Copy word for word the line containing "BOTOX Cosmetic - Thumbnail 5" together with all lines following it to the end of the listing below, without the pictures.

▸ **SOURCE RECORDS**:
----
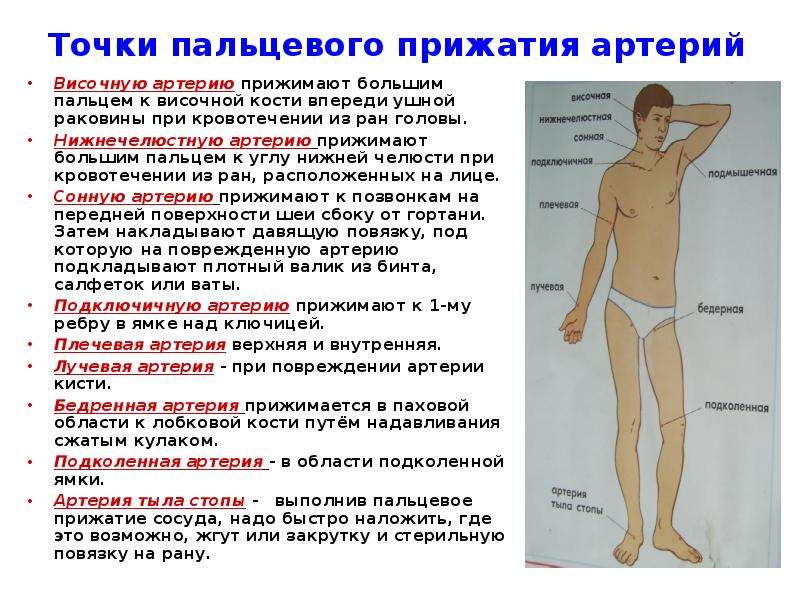 Пальцевое прижатие при повреждении бедренной артерии. Точки прижатия артерий. Точки пальцевого прижатия артерий. Точки прижатия артерий при кровотечении. Точки пальцевого прижатия артерий при кровотечении.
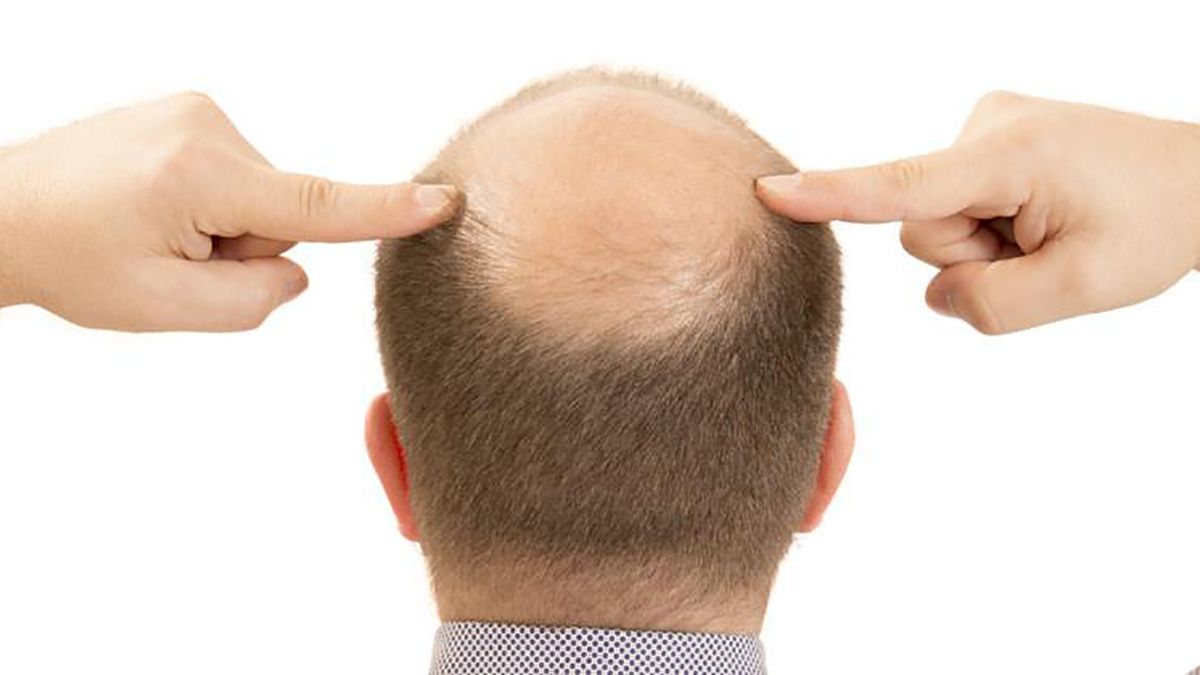 Alopecia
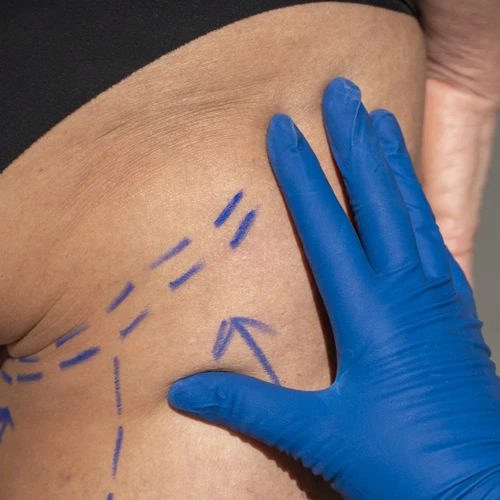 Butt lift treatment Delhi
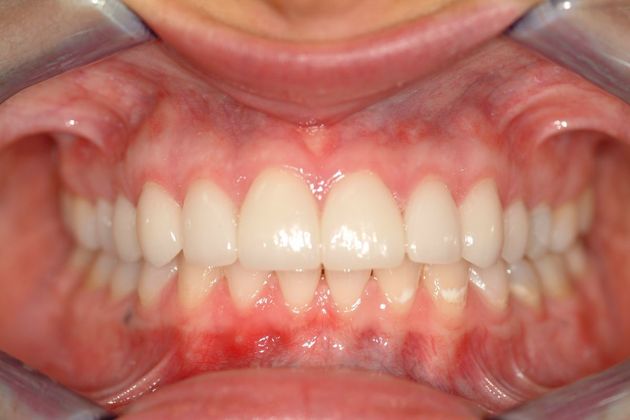 After treatment
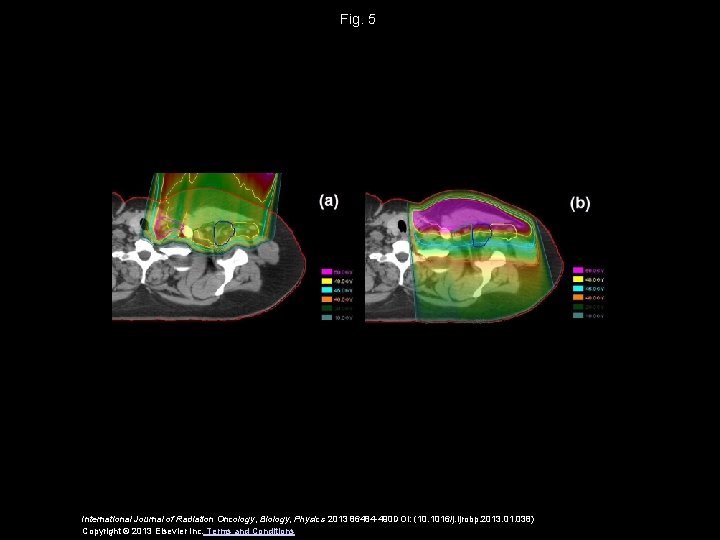 Fig. 5 International Journal of Radiation Oncology, Biology, Physics 2013 86484 -490 DOI: (10.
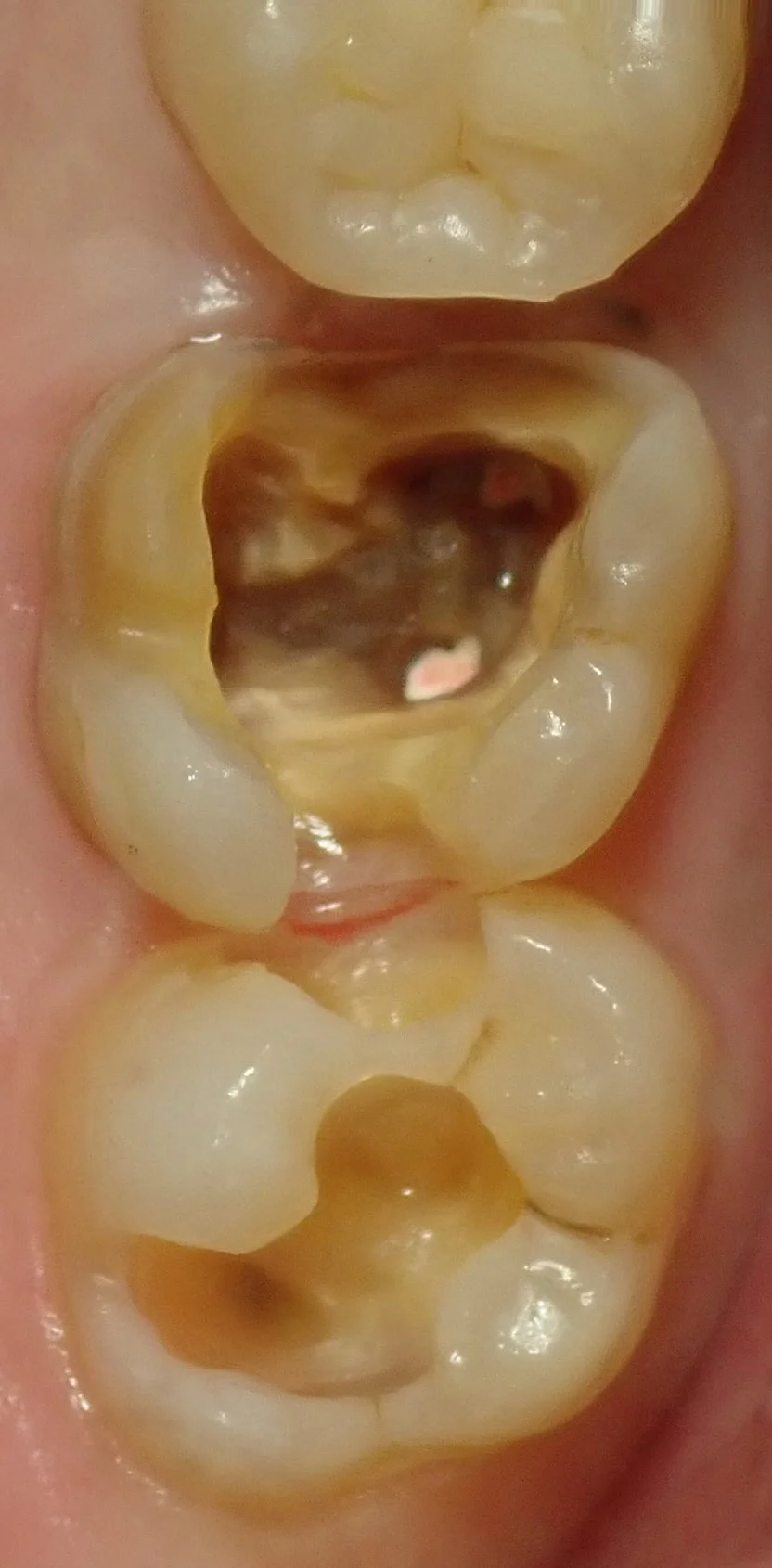 左上奥歯の白い詰め物|坂寄歯科医院(取手市藤代) - 画像3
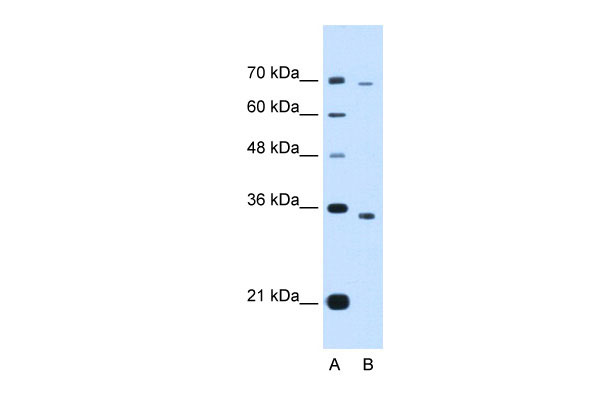 1 - PHF6 antibody - middle region AI13283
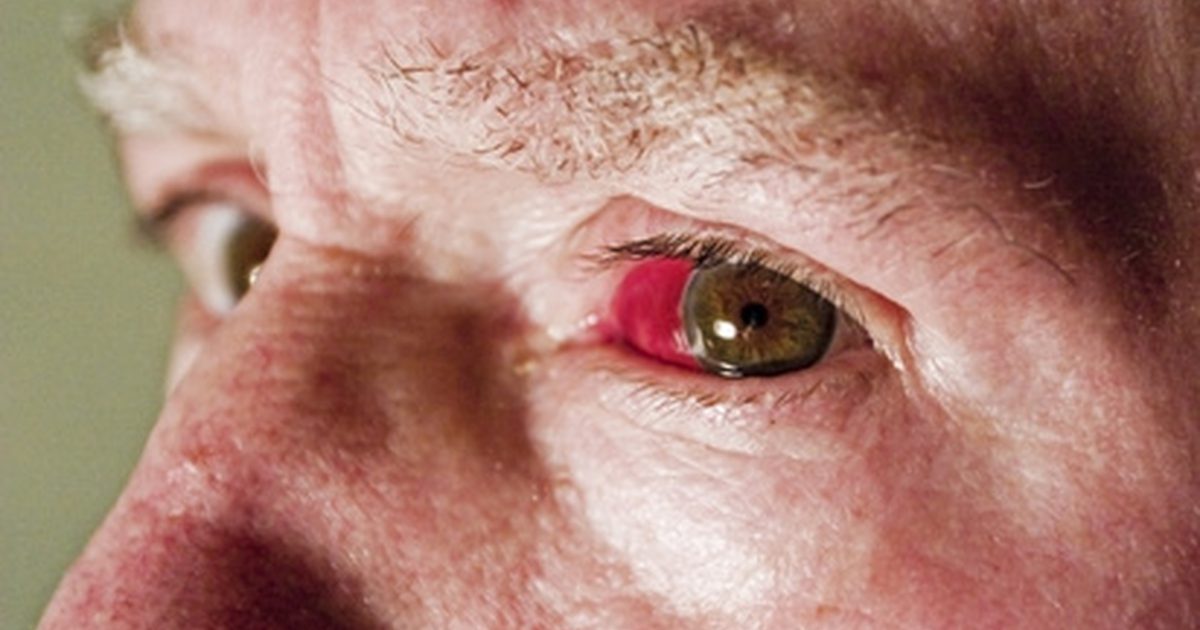 Øjneforstyrrelser, der forårsager rødme i øjets hjørne
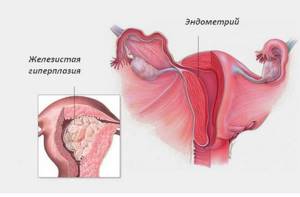 гиперплазия матки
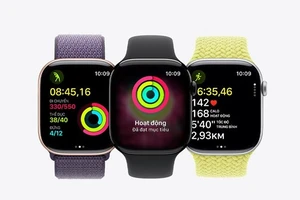 Apple Watch Series 11: Lựa chọn màu sắc, phiên bản dây nào đẹp nhất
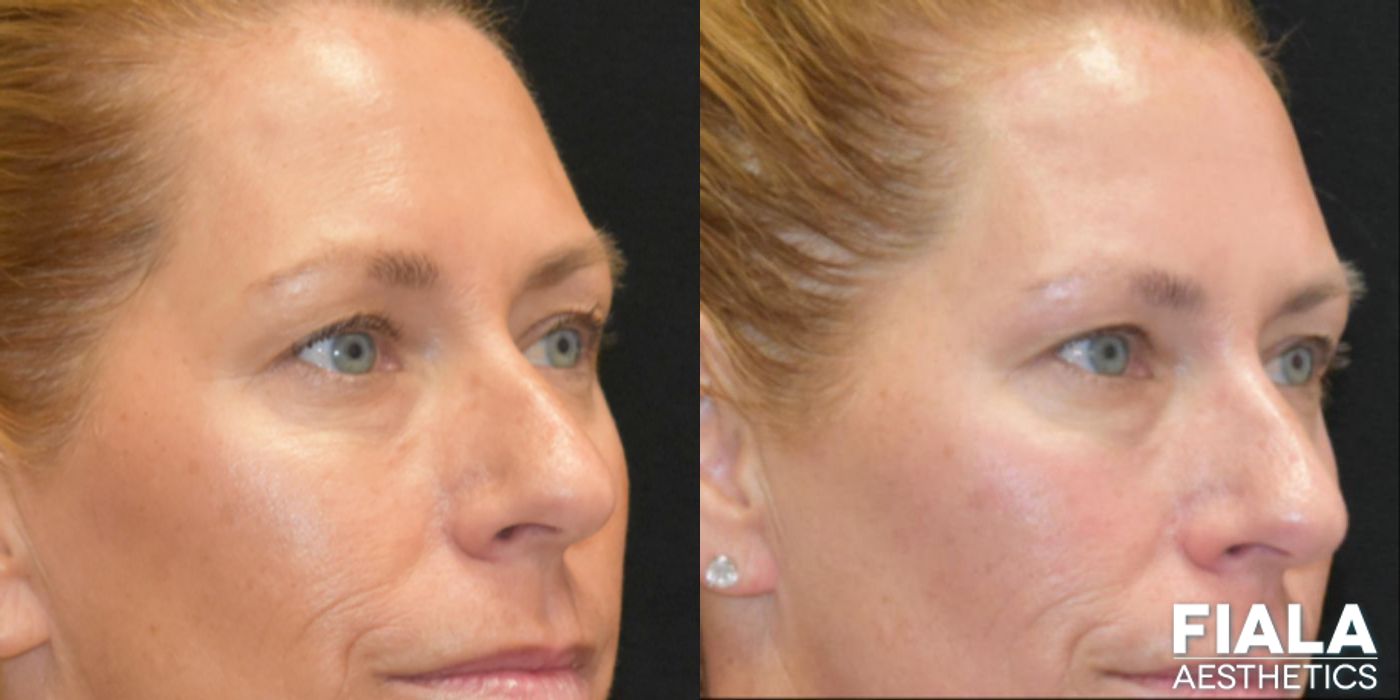 BOTOX Cosmetic - Thumbnail 5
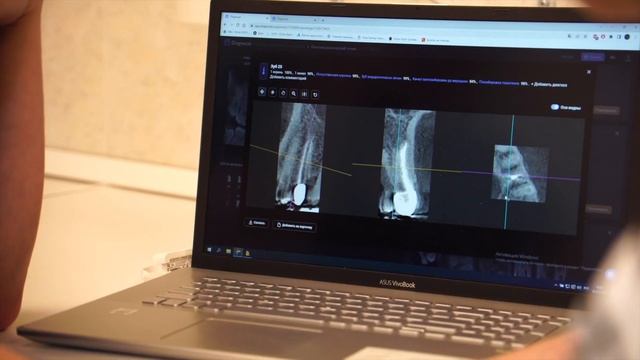 ? Качественная диагностика - залог успешного лечения зубов | Клиника доктора Осиповой смотреть онлайн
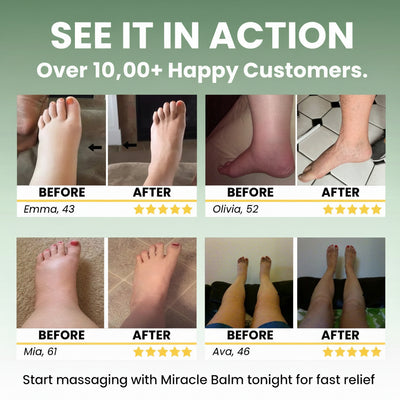 Primrose™ Miracle Balm Swelling Relief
----
▸ **ANSWER SECTION**:
 BOTOX Cosmetic - Thumbnail 5
 ? Качественная диагностика - залог успешного лечения зубов | Клиника доктора Осиповой смотреть онлайн
 Primrose™ Miracle Balm Swelling Relief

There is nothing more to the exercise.